So viel Aufwand steckte in Bad Bunnys Super-Bowl-Show
Bad Bunny (31) hat beim Super Bowl in Santa Clara eine Halbzeitshow abgeliefert, die selbst abgebrühte Football-Fans staunen ließ. Am 9. Februar verwandelte der Rapper das Levi’s Stadium in ein riesiges Bühnenspektakel – mit echten Ladenbesitzern aus Puerto Rico, einer Live-Hochzeit mitten auf dem Rasen, prominenten Gästen und einem waghalsigen Kletter-Stunt. Kreativchefin Harriet Cuddeford und Regisseur Hamish Hamilton erzählten jetzt im Gespräch mit Variety, wie das alles überhaupt möglich wurde. "Es war die größte Teamleistung einer Show, an der ich je beteiligt war", so Hamish.

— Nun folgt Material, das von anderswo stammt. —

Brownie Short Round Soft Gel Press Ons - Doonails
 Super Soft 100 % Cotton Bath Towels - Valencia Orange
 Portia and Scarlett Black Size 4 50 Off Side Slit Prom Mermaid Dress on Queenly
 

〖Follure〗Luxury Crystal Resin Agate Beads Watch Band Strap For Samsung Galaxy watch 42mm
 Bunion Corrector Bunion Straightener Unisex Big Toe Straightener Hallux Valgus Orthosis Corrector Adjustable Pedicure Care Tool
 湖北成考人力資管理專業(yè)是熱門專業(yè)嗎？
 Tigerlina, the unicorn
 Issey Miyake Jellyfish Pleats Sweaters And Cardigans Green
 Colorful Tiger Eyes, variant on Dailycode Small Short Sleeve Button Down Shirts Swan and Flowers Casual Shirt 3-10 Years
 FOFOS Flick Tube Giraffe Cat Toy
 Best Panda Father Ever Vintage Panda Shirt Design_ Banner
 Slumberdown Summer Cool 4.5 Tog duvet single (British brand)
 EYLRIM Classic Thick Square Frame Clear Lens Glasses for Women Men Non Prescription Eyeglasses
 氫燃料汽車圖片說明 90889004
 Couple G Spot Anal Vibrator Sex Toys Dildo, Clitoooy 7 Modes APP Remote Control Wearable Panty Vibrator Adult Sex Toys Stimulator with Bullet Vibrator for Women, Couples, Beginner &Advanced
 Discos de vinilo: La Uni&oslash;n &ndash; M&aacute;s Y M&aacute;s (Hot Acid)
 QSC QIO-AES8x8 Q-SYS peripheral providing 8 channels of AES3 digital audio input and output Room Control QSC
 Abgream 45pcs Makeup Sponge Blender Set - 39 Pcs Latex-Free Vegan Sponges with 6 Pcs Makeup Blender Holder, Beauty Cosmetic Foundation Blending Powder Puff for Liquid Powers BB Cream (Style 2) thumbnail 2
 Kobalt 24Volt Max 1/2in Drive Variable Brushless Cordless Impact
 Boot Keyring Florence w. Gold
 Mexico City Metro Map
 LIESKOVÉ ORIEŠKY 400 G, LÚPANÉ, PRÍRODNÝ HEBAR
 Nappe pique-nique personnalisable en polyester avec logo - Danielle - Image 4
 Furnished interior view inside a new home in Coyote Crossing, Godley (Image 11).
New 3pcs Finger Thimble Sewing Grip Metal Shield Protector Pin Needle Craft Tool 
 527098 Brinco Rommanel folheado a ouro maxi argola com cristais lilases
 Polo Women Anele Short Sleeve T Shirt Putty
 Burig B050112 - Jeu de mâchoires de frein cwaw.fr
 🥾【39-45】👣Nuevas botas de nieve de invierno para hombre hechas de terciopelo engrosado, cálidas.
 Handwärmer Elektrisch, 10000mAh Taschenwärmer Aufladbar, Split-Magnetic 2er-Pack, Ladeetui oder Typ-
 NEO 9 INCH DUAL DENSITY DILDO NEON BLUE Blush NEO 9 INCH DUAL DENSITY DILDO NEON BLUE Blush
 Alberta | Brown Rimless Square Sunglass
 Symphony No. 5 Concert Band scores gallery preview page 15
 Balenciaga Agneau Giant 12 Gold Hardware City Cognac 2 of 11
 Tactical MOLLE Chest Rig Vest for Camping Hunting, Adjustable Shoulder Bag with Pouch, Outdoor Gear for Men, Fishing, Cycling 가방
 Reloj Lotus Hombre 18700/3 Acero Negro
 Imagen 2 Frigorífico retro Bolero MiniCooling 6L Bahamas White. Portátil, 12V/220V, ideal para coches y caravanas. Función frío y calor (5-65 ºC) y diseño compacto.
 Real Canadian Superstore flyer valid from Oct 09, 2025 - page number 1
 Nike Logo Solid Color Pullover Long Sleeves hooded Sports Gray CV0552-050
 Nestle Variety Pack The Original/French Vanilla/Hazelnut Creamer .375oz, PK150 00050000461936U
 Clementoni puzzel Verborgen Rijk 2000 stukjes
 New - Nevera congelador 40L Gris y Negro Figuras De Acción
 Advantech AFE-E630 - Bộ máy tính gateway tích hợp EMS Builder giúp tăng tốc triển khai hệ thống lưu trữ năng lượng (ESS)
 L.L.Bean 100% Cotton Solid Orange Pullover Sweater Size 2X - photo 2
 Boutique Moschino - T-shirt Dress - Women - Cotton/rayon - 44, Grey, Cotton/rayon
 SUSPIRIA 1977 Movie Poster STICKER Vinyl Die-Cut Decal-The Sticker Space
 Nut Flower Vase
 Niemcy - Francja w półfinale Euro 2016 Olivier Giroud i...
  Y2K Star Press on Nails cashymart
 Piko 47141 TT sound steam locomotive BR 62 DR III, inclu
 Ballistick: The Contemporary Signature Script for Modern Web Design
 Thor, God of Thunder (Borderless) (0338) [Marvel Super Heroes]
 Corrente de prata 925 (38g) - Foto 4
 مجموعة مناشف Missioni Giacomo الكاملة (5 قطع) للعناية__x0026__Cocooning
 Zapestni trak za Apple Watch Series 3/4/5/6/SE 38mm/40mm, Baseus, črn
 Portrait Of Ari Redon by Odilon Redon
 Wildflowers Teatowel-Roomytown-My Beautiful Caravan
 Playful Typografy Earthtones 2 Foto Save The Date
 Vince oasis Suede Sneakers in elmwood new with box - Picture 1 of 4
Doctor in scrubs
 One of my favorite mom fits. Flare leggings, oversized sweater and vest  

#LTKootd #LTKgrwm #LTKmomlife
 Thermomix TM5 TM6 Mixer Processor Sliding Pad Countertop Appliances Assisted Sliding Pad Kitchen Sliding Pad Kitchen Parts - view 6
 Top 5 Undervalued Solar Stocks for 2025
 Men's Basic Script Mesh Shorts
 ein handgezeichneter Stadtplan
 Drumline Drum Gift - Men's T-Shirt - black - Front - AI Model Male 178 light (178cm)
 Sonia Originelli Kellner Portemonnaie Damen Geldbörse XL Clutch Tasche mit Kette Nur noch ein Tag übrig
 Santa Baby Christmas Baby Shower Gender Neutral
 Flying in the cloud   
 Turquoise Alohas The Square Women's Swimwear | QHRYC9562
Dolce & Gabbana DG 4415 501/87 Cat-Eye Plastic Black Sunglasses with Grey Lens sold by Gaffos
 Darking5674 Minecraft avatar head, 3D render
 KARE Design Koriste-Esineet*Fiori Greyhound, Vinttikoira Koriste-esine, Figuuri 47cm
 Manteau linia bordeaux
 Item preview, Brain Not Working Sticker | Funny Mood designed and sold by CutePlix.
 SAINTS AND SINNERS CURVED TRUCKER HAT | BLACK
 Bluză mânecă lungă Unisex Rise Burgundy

Schon der Einstieg war ein Statement: Während Bad Bunny "Tití Me Preguntó" sang und durch ein Zuckerrohrfeld lief, standen an seiner Seite Menschen aus seiner Heimat, vom Nagelstudio-Profi bis zum Piragua-Verkäufer. "Die Performance feierte normale Leute und was es heißt, Mensch zu sein und Freude und Liebe zu haben", erklärte Harriet Variety. Später folgte die Szene, über die alle reden: Ein Paar aus Ontario in Kalifornien, das Bad Bunny aus Spaß eine Hochzeitseinladung geschickt hatte, gab sich im Stadion wirklich das Jawort – mit einem echten Trauredner, Bad Bunny, der ihren geplanten Hochzeitssong "BAILE INOLVIDABLE" live sang, und Lady Gaga (39) als Überraschungs-Wedding-Sängerin. Ein weiterer Gänsehautmoment: Ein kleiner Junge auf einem Sofa, der im Einspieler einen frisch gewonnenen Grammy von Bad Bunny in die Hand gedrückt bekam. Parallel kletterte der Musiker im Stadion für "El Apagón" ohne Sicherheitsgurt auf Strommasten, tanzte auf einer Mini-Plattform und ließ sich auch von den Sicherheitsbedenken hinter den Kulissen nicht bremsen. "Natürlich standen alle Sicherheitsvorkehrungen und Seilkonstruktionen zur Verfügung, aber er wollte das nicht. Der Kerl macht seine Stunts selbst und hat es in etwa drei Minuten gelernt", erklärte Harriet.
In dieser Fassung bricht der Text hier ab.